*Assigned task:* The reply is to contain the full listing, repeated exactly, with pictures left out.

*Provided material:*
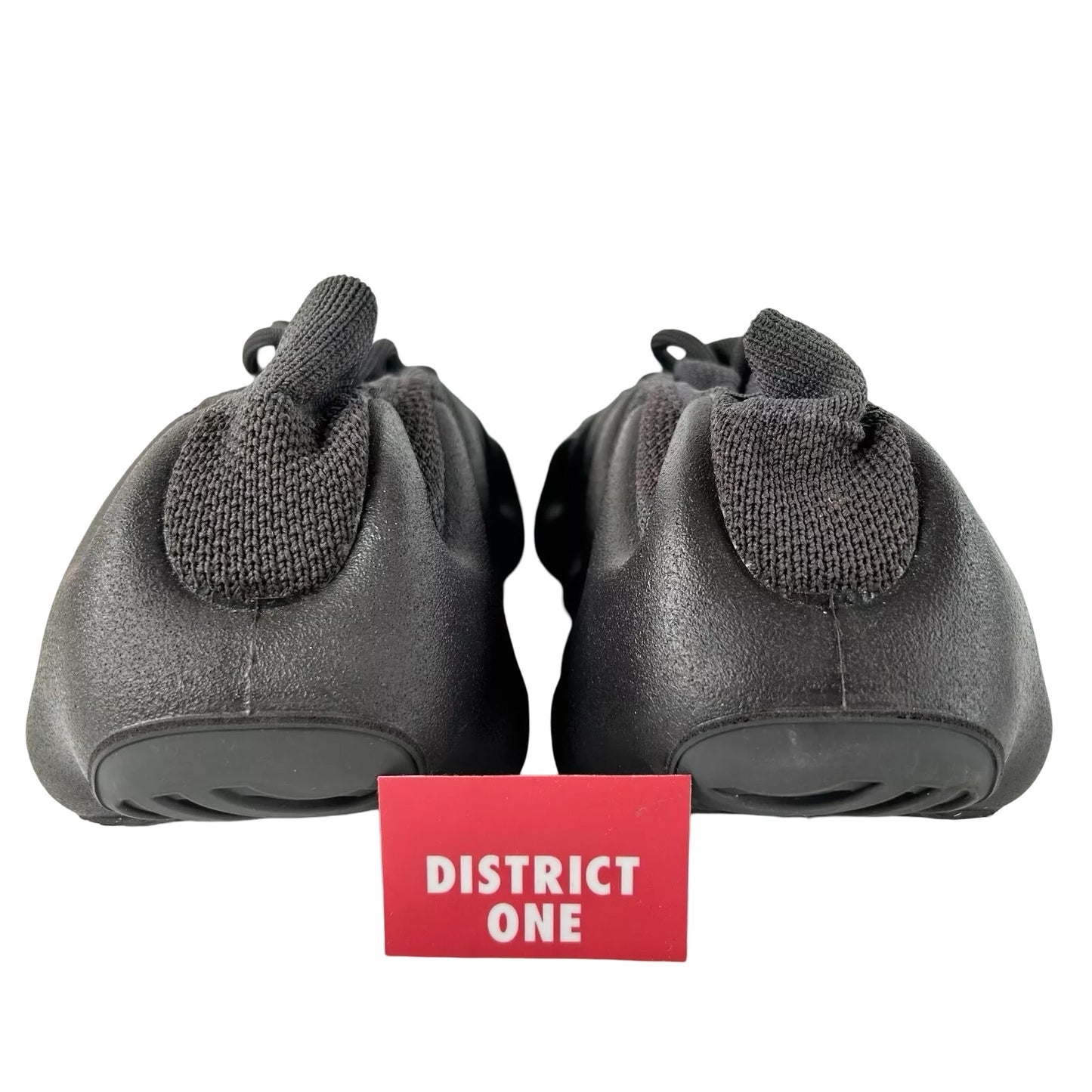 H03665 adidas Yeezy 450 Utility Black [USED] - 9.5 M (Used)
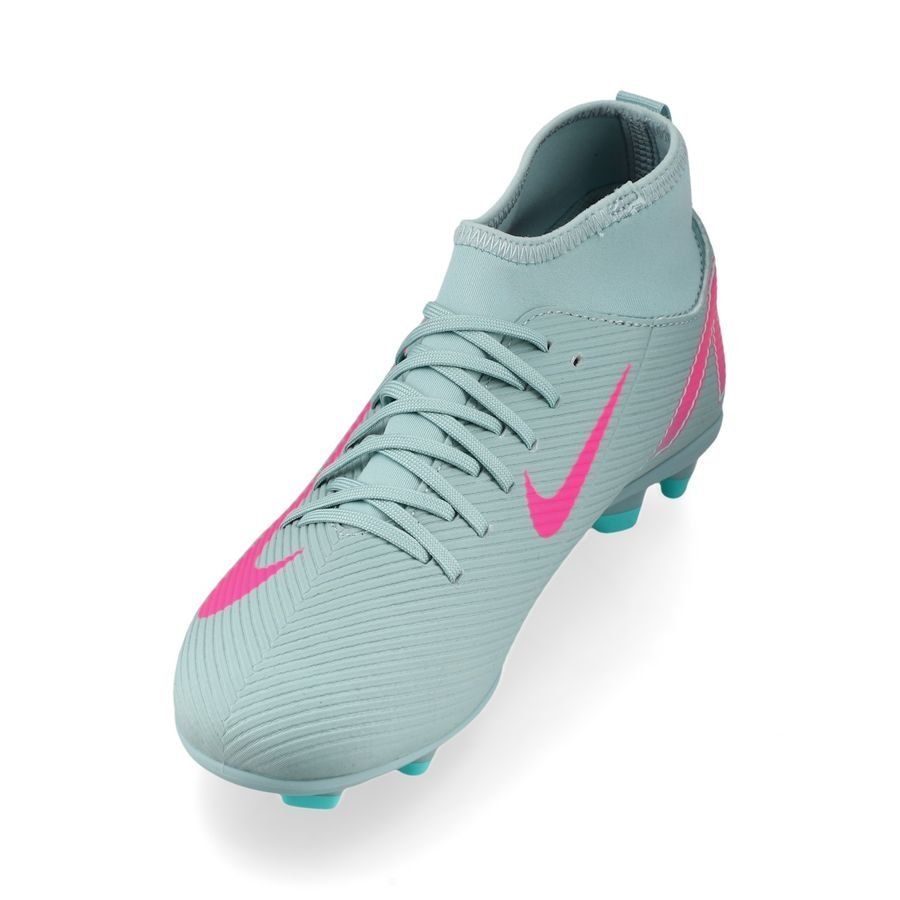 Nike Mercurial Superfly 10 Club MG Prism - Ocean Cube/Rose Enfant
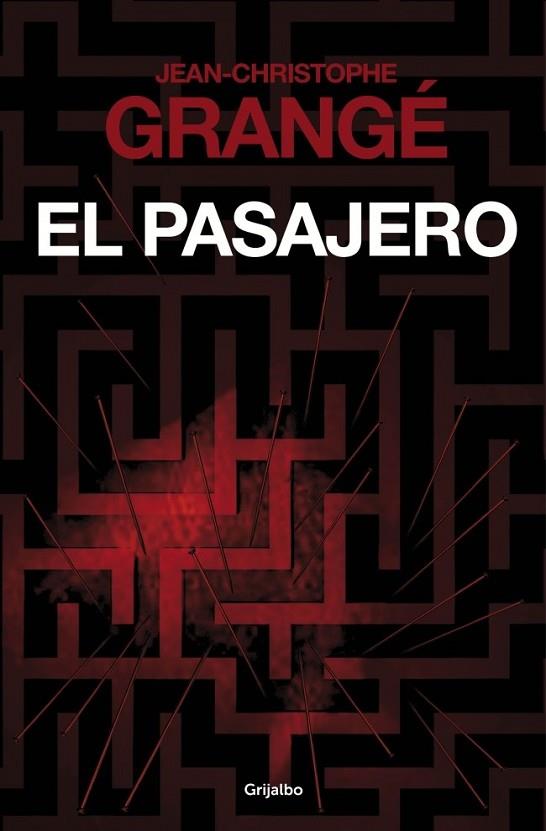 El pasajero | 9788425351617 | GRANGE, JEAN-CHRISTOPHE | Librería Castillón - Comprar libros online Aragón, Barbastro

*Task result:*
 H03665 adidas Yeezy 450 Utility Black [USED] - 9.5 M (Used)
 Nike Mercurial Superfly 10 Club MG Prism - Ocean Cube/Rose Enfant
 El pasajero | 9788425351617 | GRANGE, JEAN-CHRISTOPHE | Librería Castillón - Comprar libros online Aragón, Barbastro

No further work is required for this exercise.